SUPPLIED MATERIAL: Begin

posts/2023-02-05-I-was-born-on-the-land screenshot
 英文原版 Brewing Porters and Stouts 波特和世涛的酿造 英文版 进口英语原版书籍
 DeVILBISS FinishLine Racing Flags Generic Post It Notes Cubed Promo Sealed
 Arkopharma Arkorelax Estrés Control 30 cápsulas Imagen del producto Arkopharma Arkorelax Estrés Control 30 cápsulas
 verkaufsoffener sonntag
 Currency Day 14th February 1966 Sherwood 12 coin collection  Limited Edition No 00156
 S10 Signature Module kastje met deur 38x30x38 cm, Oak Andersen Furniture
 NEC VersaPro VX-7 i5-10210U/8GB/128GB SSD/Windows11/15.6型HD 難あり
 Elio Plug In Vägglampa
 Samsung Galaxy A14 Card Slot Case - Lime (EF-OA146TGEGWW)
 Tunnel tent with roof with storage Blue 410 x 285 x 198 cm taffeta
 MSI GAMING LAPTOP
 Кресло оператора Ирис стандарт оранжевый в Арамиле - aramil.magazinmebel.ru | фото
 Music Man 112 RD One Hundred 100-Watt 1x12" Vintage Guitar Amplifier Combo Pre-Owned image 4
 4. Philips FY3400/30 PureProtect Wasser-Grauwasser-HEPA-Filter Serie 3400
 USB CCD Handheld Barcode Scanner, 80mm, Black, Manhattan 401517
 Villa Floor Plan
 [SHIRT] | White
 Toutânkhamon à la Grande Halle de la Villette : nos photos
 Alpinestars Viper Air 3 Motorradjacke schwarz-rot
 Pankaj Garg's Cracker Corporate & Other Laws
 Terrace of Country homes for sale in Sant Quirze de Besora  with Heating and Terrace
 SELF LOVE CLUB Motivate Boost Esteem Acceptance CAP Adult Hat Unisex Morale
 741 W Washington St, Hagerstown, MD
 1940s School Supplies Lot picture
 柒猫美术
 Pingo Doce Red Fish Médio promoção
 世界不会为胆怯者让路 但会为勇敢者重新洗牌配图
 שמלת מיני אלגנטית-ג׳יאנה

SUPPLIED MATERIAL: End

_PROBLEM STATEMENT_: Where the line containing "Кресло оператора Ирис" appears in the records above, begin copying and continue through the last line; copy each line exactly and include no others.

_OUTPUT OF THE EXERCISE_:
 Кресло оператора Ирис стандарт оранжевый в Арамиле - aramil.magazinmebel.ru | фото
 Music Man 112 RD One Hundred 100-Watt 1x12" Vintage Guitar Amplifier Combo Pre-Owned image 4
 4. Philips FY3400/30 PureProtect Wasser-Grauwasser-HEPA-Filter Serie 3400
 USB CCD Handheld Barcode Scanner, 80mm, Black, Manhattan 401517
 Villa Floor Plan
 [SHIRT] | White
 Toutânkhamon à la Grande Halle de la Villette : nos photos
 Alpinestars Viper Air 3 Motorradjacke schwarz-rot
 Pankaj Garg's Cracker Corporate & Other Laws
 Terrace of Country homes for sale in Sant Quirze de Besora  with Heating and Terrace
 SELF LOVE CLUB Motivate Boost Esteem Acceptance CAP Adult Hat Unisex Morale
 741 W Washington St, Hagerstown, MD
 1940s School Supplies Lot picture
 柒猫美术
 Pingo Doce Red Fish Médio promoção
 世界不会为胆怯者让路 但会为勇敢者重新洗牌配图
 שמלת מיני אלגנטית-ג׳יאנה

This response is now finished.